PROBLEM TO SOLVE –
Return the records exactly as they appear below, omitting the pictures.

EXTRACTED MATERIAL –

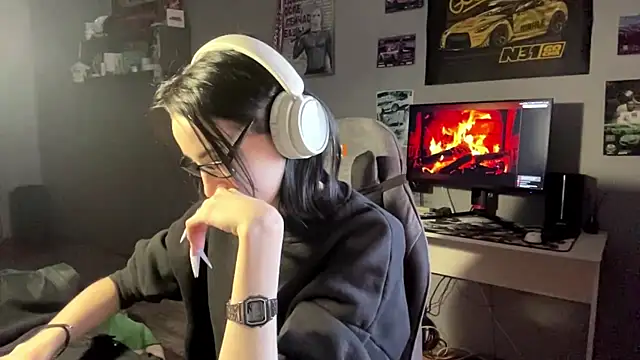 NightFoxxx online show from 06/02/26, 07:10
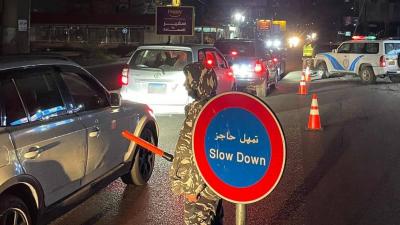 قوى الأمن تقيم حواجز لقياس نسبة الكحول وتضبط المخالفين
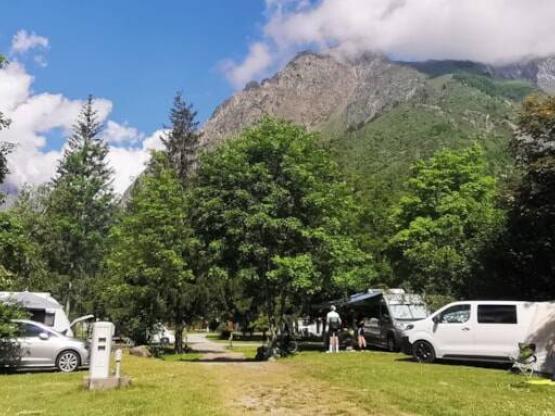 Pitch + tent , caravan or camping-car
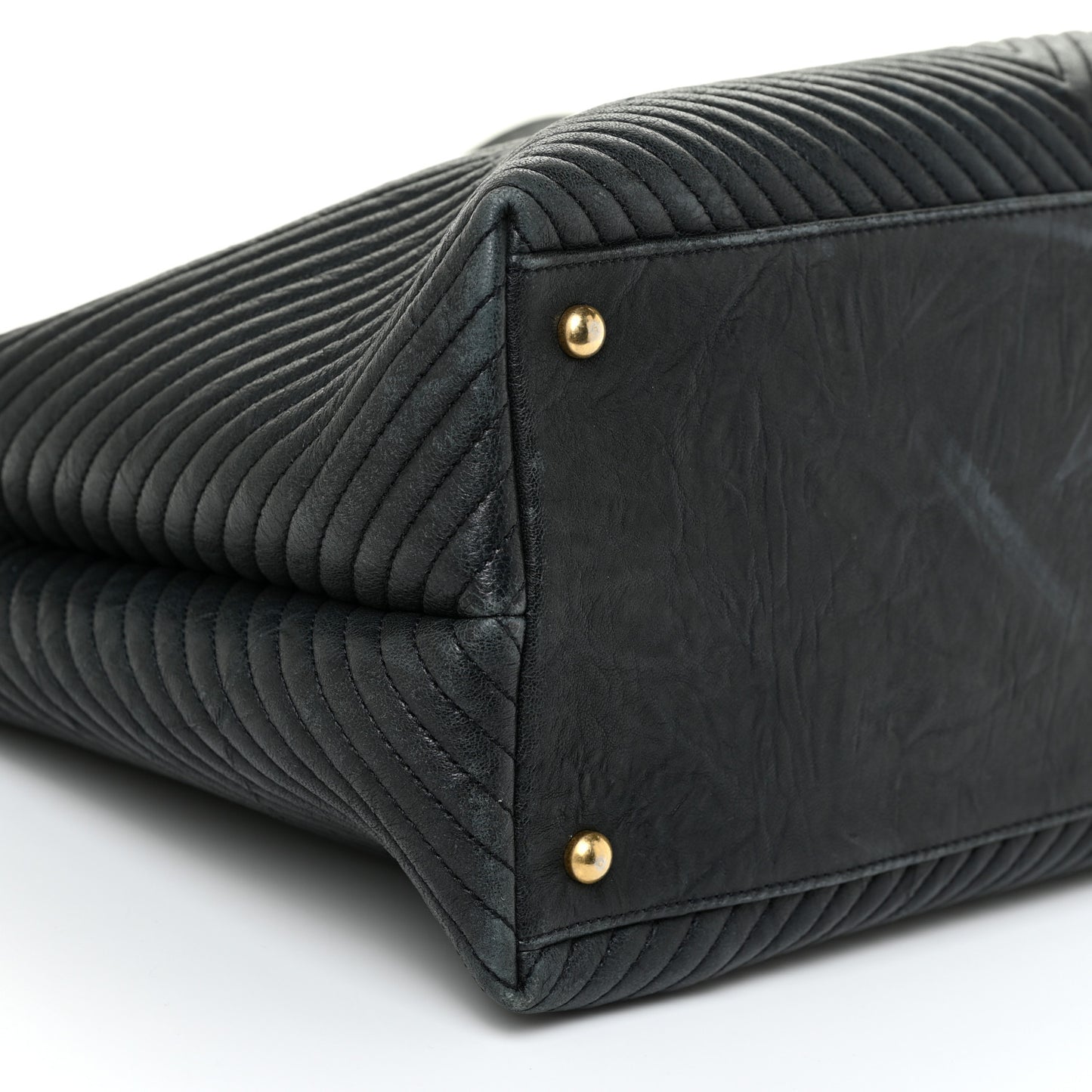 Wrinkled Lambskin Chevron Quilted Large Surpique Tote Black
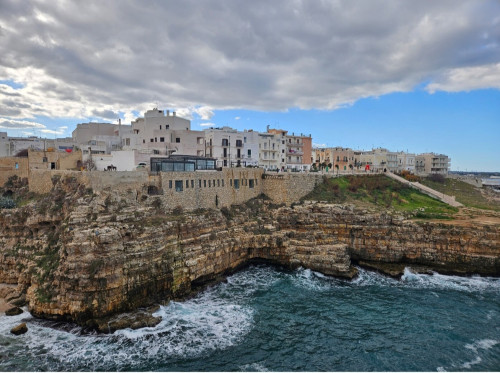 Passeggiata serale a Polignano con aperitivo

COMPLETED TASK –
 NightFoxxx online show from 06/02/26, 07:10
 قوى الأمن تقيم حواجز لقياس نسبة الكحول وتضبط المخالفين
 Pitch + tent , caravan or camping-car
 Wrinkled Lambskin Chevron Quilted Large Surpique Tote Black
 Passeggiata serale a Polignano con aperitivo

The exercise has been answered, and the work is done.